### ACTIVITY
Once you have read the records, output them exactly.

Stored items
━━━━━━━━━━━━━━━━━━━━━━━━━━━━━━

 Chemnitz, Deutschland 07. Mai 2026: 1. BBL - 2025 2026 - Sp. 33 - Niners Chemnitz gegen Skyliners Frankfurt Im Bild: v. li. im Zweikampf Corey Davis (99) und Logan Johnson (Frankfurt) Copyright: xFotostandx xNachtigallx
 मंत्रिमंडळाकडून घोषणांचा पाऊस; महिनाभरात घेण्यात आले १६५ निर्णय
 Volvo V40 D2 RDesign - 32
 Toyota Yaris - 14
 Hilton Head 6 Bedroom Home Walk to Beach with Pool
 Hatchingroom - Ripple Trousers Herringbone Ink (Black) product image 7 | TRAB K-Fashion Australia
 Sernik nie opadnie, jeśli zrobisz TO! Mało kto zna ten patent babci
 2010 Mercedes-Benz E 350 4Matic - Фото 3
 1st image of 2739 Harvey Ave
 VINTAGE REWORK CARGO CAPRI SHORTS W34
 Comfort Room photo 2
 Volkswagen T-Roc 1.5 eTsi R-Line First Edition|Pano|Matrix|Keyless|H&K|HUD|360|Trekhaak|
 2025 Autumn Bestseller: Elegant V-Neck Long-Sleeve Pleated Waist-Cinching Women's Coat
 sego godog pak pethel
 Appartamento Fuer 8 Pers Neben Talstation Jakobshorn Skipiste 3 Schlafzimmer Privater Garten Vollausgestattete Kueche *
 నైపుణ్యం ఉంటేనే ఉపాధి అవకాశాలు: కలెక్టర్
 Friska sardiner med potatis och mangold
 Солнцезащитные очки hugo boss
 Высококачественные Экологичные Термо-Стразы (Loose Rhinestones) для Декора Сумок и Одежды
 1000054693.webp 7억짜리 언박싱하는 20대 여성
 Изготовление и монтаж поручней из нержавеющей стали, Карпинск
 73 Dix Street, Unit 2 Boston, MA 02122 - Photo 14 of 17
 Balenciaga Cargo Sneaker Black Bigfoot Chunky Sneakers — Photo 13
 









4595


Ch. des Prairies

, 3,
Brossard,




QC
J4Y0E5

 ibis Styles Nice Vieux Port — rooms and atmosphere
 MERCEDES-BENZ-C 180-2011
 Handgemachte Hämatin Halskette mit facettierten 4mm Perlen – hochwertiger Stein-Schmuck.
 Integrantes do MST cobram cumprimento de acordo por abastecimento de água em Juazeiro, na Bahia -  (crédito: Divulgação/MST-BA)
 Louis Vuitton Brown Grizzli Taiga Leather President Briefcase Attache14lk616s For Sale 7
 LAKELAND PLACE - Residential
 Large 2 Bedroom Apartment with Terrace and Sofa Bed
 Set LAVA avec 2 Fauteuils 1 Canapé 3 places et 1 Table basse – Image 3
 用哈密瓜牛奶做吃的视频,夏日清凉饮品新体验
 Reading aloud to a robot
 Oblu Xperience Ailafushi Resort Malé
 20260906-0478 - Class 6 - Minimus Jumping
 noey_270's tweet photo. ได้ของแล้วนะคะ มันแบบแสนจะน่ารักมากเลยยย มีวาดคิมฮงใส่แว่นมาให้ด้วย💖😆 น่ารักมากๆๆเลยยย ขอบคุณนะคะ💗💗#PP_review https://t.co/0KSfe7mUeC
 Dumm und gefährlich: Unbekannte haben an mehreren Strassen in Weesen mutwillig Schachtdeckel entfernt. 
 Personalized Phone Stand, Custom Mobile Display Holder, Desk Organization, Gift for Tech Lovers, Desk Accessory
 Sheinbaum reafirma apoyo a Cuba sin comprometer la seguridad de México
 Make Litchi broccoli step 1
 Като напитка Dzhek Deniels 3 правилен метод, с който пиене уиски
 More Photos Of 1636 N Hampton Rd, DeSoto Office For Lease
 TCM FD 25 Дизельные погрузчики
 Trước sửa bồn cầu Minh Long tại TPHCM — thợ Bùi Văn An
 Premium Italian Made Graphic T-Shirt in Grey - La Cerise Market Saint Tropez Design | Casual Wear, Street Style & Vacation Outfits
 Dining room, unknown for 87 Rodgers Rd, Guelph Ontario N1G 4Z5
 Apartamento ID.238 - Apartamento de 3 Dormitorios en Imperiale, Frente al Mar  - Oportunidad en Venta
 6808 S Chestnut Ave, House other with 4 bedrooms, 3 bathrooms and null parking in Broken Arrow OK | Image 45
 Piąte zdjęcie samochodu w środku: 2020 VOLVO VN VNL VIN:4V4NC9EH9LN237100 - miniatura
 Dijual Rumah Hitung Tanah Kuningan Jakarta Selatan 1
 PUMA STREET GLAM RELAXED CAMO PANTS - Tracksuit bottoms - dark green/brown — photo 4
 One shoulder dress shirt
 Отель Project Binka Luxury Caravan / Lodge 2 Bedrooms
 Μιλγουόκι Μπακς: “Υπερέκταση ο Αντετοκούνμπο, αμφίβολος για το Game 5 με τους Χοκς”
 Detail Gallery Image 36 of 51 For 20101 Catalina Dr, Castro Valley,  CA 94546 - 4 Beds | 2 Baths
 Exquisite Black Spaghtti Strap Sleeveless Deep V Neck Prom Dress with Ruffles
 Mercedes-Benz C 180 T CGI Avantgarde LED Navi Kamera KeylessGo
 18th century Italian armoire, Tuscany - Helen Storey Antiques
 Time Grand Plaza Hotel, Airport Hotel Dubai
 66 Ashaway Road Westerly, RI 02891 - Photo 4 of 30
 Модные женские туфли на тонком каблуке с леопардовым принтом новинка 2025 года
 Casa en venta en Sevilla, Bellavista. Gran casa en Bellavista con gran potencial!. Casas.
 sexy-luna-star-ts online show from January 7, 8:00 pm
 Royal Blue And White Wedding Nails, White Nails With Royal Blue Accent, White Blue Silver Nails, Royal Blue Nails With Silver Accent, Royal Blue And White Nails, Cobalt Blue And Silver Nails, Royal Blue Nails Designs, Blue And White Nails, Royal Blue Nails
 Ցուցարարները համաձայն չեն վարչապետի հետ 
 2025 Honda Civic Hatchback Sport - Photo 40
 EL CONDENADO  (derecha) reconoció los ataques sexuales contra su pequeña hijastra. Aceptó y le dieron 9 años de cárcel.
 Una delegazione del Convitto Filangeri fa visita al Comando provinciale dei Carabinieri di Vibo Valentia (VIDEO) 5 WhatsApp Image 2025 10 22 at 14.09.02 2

━━━━━━━━━━━━━━━━━━━━━━━━━━━━━━

### RESPONSE
 Chemnitz, Deutschland 07. Mai 2026: 1. BBL - 2025 2026 - Sp. 33 - Niners Chemnitz gegen Skyliners Frankfurt Im Bild: v. li. im Zweikampf Corey Davis (99) und Logan Johnson (Frankfurt) Copyright: xFotostandx xNachtigallx
 मंत्रिमंडळाकडून घोषणांचा पाऊस; महिनाभरात घेण्यात आले १६५ निर्णय
 Volvo V40 D2 RDesign - 32
 Toyota Yaris - 14
 Hilton Head 6 Bedroom Home Walk to Beach with Pool
 Hatchingroom - Ripple Trousers Herringbone Ink (Black) product image 7 | TRAB K-Fashion Australia
 Sernik nie opadnie, jeśli zrobisz TO! Mało kto zna ten patent babci
 2010 Mercedes-Benz E 350 4Matic - Фото 3
 1st image of 2739 Harvey Ave
 VINTAGE REWORK CARGO CAPRI SHORTS W34
 Comfort Room photo 2
 Volkswagen T-Roc 1.5 eTsi R-Line First Edition|Pano|Matrix|Keyless|H&K|HUD|360|Trekhaak|
 2025 Autumn Bestseller: Elegant V-Neck Long-Sleeve Pleated Waist-Cinching Women's Coat
 sego godog pak pethel
 Appartamento Fuer 8 Pers Neben Talstation Jakobshorn Skipiste 3 Schlafzimmer Privater Garten Vollausgestattete Kueche *
 నైపుణ్యం ఉంటేనే ఉపాధి అవకాశాలు: కలెక్టర్
 Friska sardiner med potatis och mangold
 Солнцезащитные очки hugo boss
 Высококачественные Экологичные Термо-Стразы (Loose Rhinestones) для Декора Сумок и Одежды
 1000054693.webp 7억짜리 언박싱하는 20대 여성
 Изготовление и монтаж поручней из нержавеющей стали, Карпинск
 73 Dix Street, Unit 2 Boston, MA 02122 - Photo 14 of 17
 Balenciaga Cargo Sneaker Black Bigfoot Chunky Sneakers — Photo 13
 









4595


Ch. des Prairies

, 3,
Brossard,




QC
J4Y0E5

 ibis Styles Nice Vieux Port — rooms and atmosphere
 MERCEDES-BENZ-C 180-2011
 Handgemachte Hämatin Halskette mit facettierten 4mm Perlen – hochwertiger Stein-Schmuck.
 Integrantes do MST cobram cumprimento de acordo por abastecimento de água em Juazeiro, na Bahia -  (crédito: Divulgação/MST-BA)
 Louis Vuitton Brown Grizzli Taiga Leather President Briefcase Attache14lk616s For Sale 7
 LAKELAND PLACE - Residential
 Large 2 Bedroom Apartment with Terrace and Sofa Bed
 Set LAVA avec 2 Fauteuils 1 Canapé 3 places et 1 Table basse – Image 3
 用哈密瓜牛奶做吃的视频,夏日清凉饮品新体验
 Reading aloud to a robot
 Oblu Xperience Ailafushi Resort Malé
 20260906-0478 - Class 6 - Minimus Jumping
 noey_270's tweet photo. ได้ของแล้วนะคะ มันแบบแสนจะน่ารักมากเลยยย มีวาดคิมฮงใส่แว่นมาให้ด้วย💖😆 น่ารักมากๆๆเลยยย ขอบคุณนะคะ💗💗#PP_review https://t.co/0KSfe7mUeC
 Dumm und gefährlich: Unbekannte haben an mehreren Strassen in Weesen mutwillig Schachtdeckel entfernt. 
 Personalized Phone Stand, Custom Mobile Display Holder, Desk Organization, Gift for Tech Lovers, Desk Accessory
 Sheinbaum reafirma apoyo a Cuba sin comprometer la seguridad de México
 Make Litchi broccoli step 1
 Като напитка Dzhek Deniels 3 правилен метод, с който пиене уиски
 More Photos Of 1636 N Hampton Rd, DeSoto Office For Lease
 TCM FD 25 Дизельные погрузчики
 Trước sửa bồn cầu Minh Long tại TPHCM — thợ Bùi Văn An
 Premium Italian Made Graphic T-Shirt in Grey - La Cerise Market Saint Tropez Design | Casual Wear, Street Style & Vacation Outfits
 Dining room, unknown for 87 Rodgers Rd, Guelph Ontario N1G 4Z5
 Apartamento ID.238 - Apartamento de 3 Dormitorios en Imperiale, Frente al Mar  - Oportunidad en Venta
 6808 S Chestnut Ave, House other with 4 bedrooms, 3 bathrooms and null parking in Broken Arrow OK | Image 45
 Piąte zdjęcie samochodu w środku: 2020 VOLVO VN VNL VIN:4V4NC9EH9LN237100 - miniatura
 Dijual Rumah Hitung Tanah Kuningan Jakarta Selatan 1
 PUMA STREET GLAM RELAXED CAMO PANTS - Tracksuit bottoms - dark green/brown — photo 4
 One shoulder dress shirt
 Отель Project Binka Luxury Caravan / Lodge 2 Bedrooms
 Μιλγουόκι Μπακς: “Υπερέκταση ο Αντετοκούνμπο, αμφίβολος για το Game 5 με τους Χοκς”
 Detail Gallery Image 36 of 51 For 20101 Catalina Dr, Castro Valley,  CA 94546 - 4 Beds | 2 Baths
 Exquisite Black Spaghtti Strap Sleeveless Deep V Neck Prom Dress with Ruffles
 Mercedes-Benz C 180 T CGI Avantgarde LED Navi Kamera KeylessGo
 18th century Italian armoire, Tuscany - Helen Storey Antiques
 Time Grand Plaza Hotel, Airport Hotel Dubai
 66 Ashaway Road Westerly, RI 02891 - Photo 4 of 30
 Модные женские туфли на тонком каблуке с леопардовым принтом новинка 2025 года
 Casa en venta en Sevilla, Bellavista. Gran casa en Bellavista con gran potencial!. Casas.
 sexy-luna-star-ts online show from January 7, 8:00 pm
 Royal Blue And White Wedding Nails, White Nails With Royal Blue Accent, White Blue Silver Nails, Royal Blue Nails With Silver Accent, Royal Blue And White Nails, Cobalt Blue And Silver Nails, Royal Blue Nails Designs, Blue And White Nails, Royal Blue Nails
 Ցուցարարները համաձայն չեն վարչապետի հետ 
 2025 Honda Civic Hatchback Sport - Photo 40
 EL CONDENADO  (derecha) reconoció los ataques sexuales contra su pequeña hijastra. Aceptó y le dieron 9 años de cárcel.
 Una delegazione del Convitto Filangeri fa visita al Comando provinciale dei Carabinieri di Vibo Valentia (VIDEO) 5 WhatsApp Image 2025 10 22 at 14.09.02 2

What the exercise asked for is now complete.